## [Action item]
The line holding "NAMZ NH-RB-3ASL 250" is the last one to output; start at the first line of the data, keep every line in between exactly, and leave out pictures.

## [Supplied material]
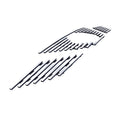 Stainless Steel Chrome Billet Grille Insert for Nissan Rogue (2014–2016)
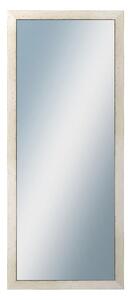 DANTIK - Zarámované zrcadlo - rozměr s rámem cca 50x120 cm z lišty RETRO bílá (2531)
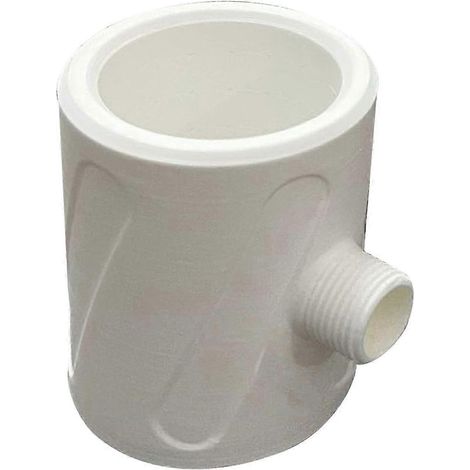 Pommeau de douche à buse spirale pour un nettoyage puissant avec filetage universel (1/5)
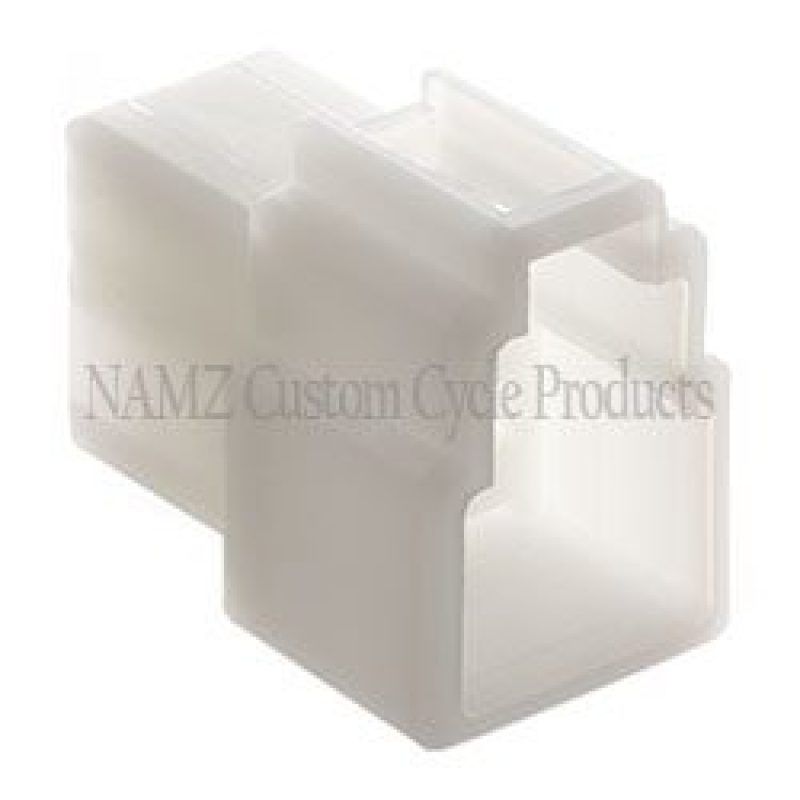 NAMZ NH-RB-3ASL 250 L Series 3-Position Locking Male Connector (5 Pack) - Mates w/PN NH-ML-3BSL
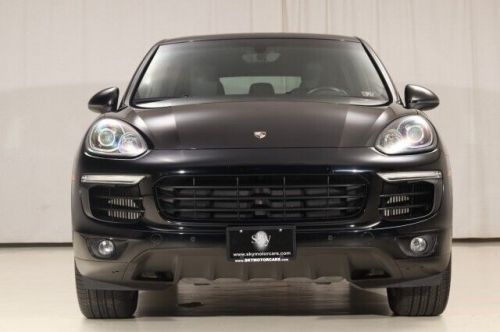 2016 porsche cayenne diesel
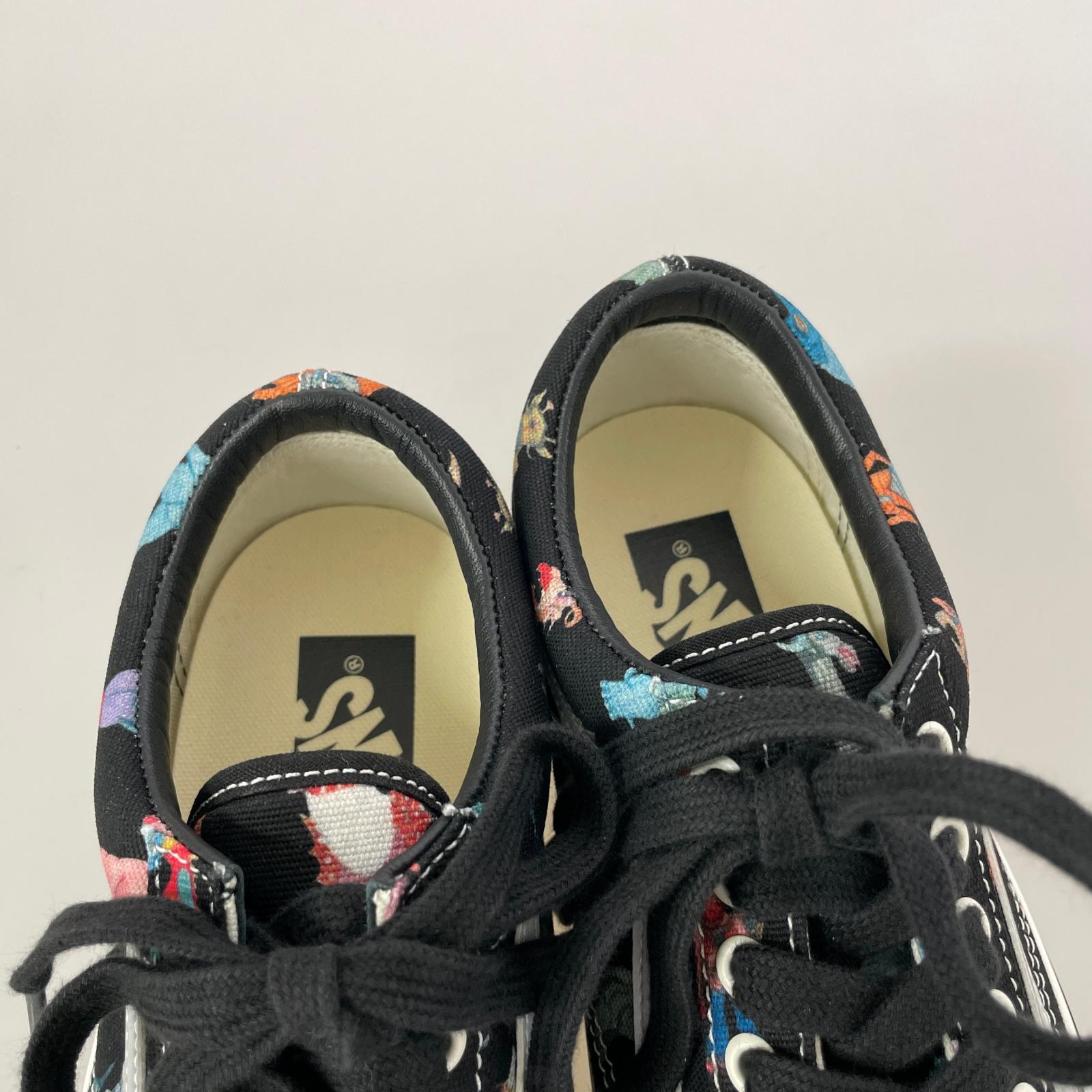 スニーカー アンダーカバー OTW OLD SKOOL 25.5cm 25.5cm (US7 1/2 UK7 EU41) ブラック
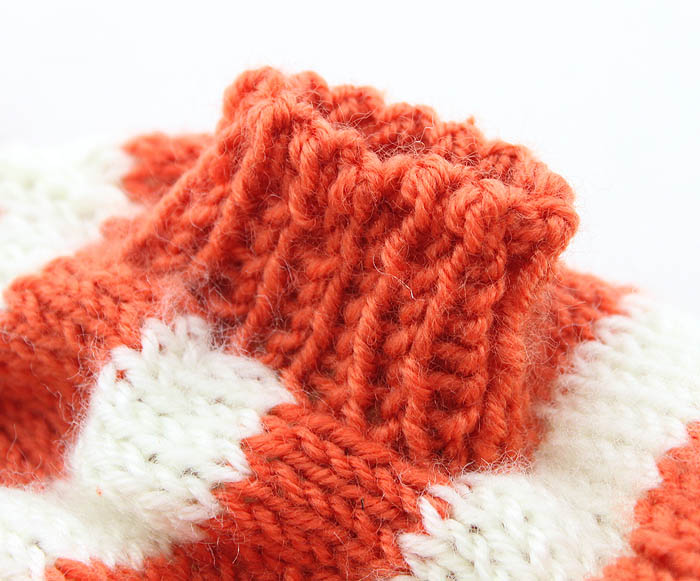 Color Strip Sweater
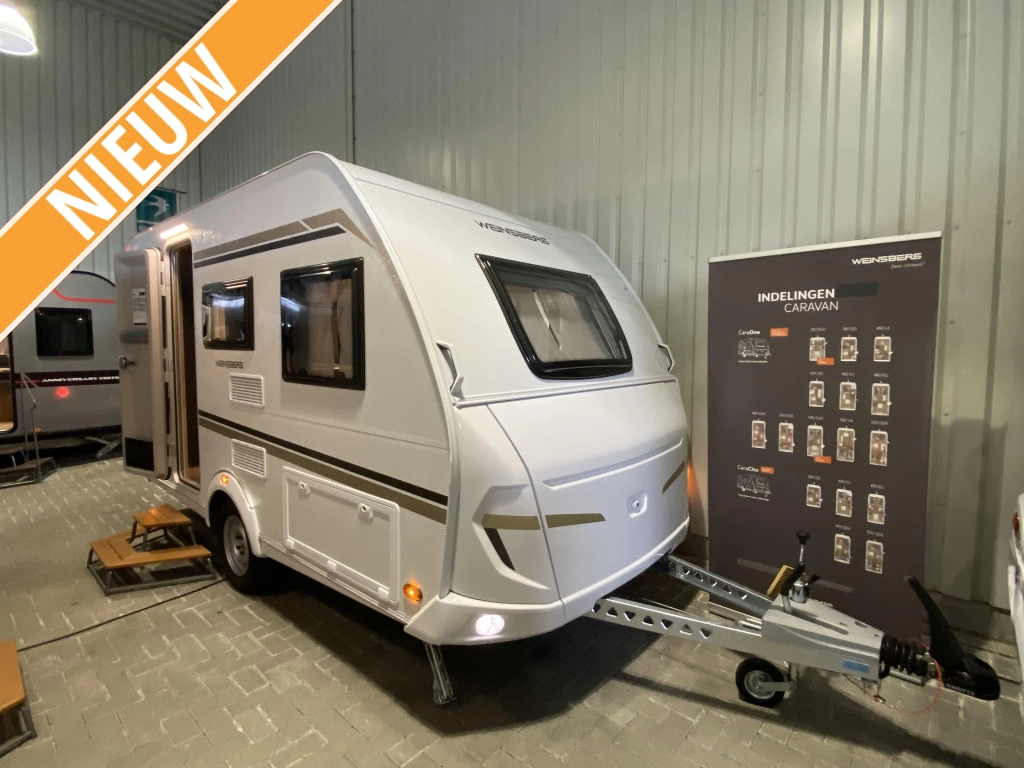 Weinsberg CaraOne 390 QD + optie's model 2026 !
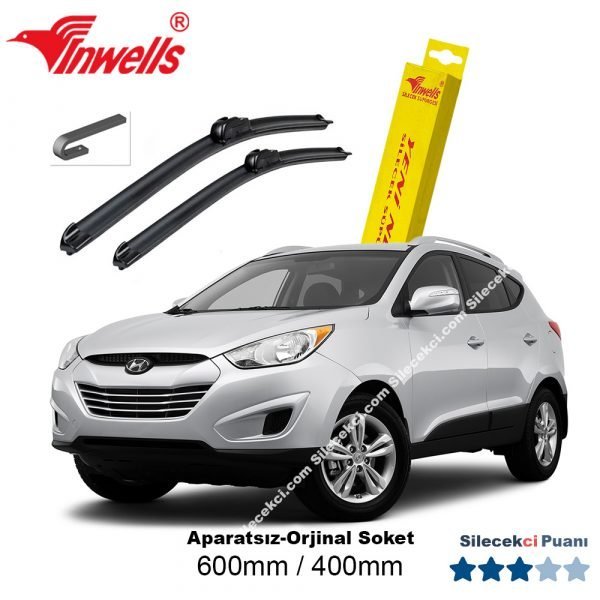 Hyundai iX35 (2011-2014) Inwells Silecek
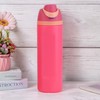 DUTHINGS - Insulated Stainless Steel Water Bottle with Straw, 24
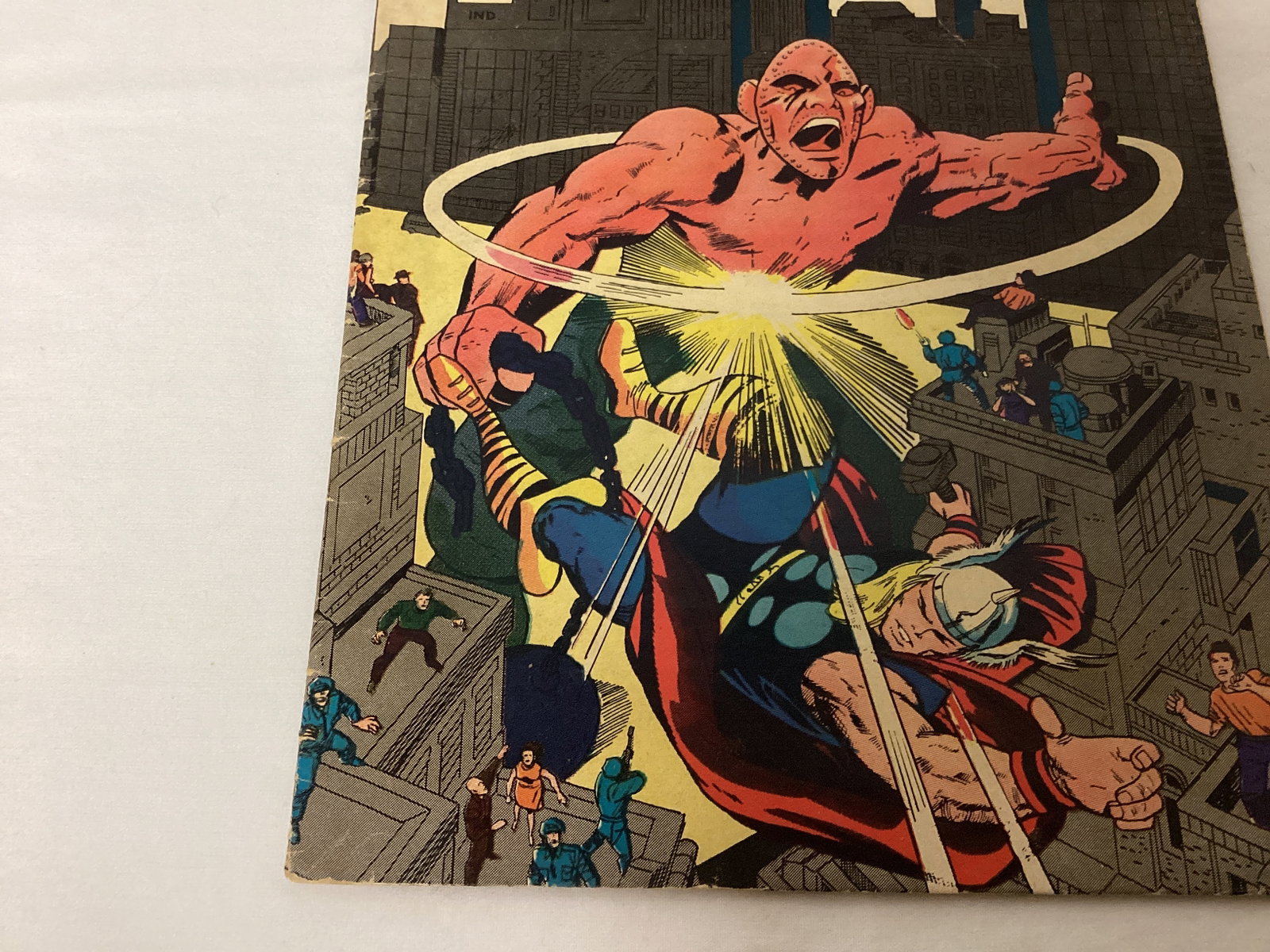 Journey Into Mystery 121 Marvel Comic Book - 4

## [Result for this exercise]
 Stainless Steel Chrome Billet Grille Insert for Nissan Rogue (2014–2016)
 DANTIK - Zarámované zrcadlo - rozměr s rámem cca 50x120 cm z lišty RETRO bílá (2531)
 Pommeau de douche à buse spirale pour un nettoyage puissant avec filetage universel (1/5)
 NAMZ NH-RB-3ASL 250 L Series 3-Position Locking Male Connector (5 Pack) - Mates w/PN NH-ML-3BSL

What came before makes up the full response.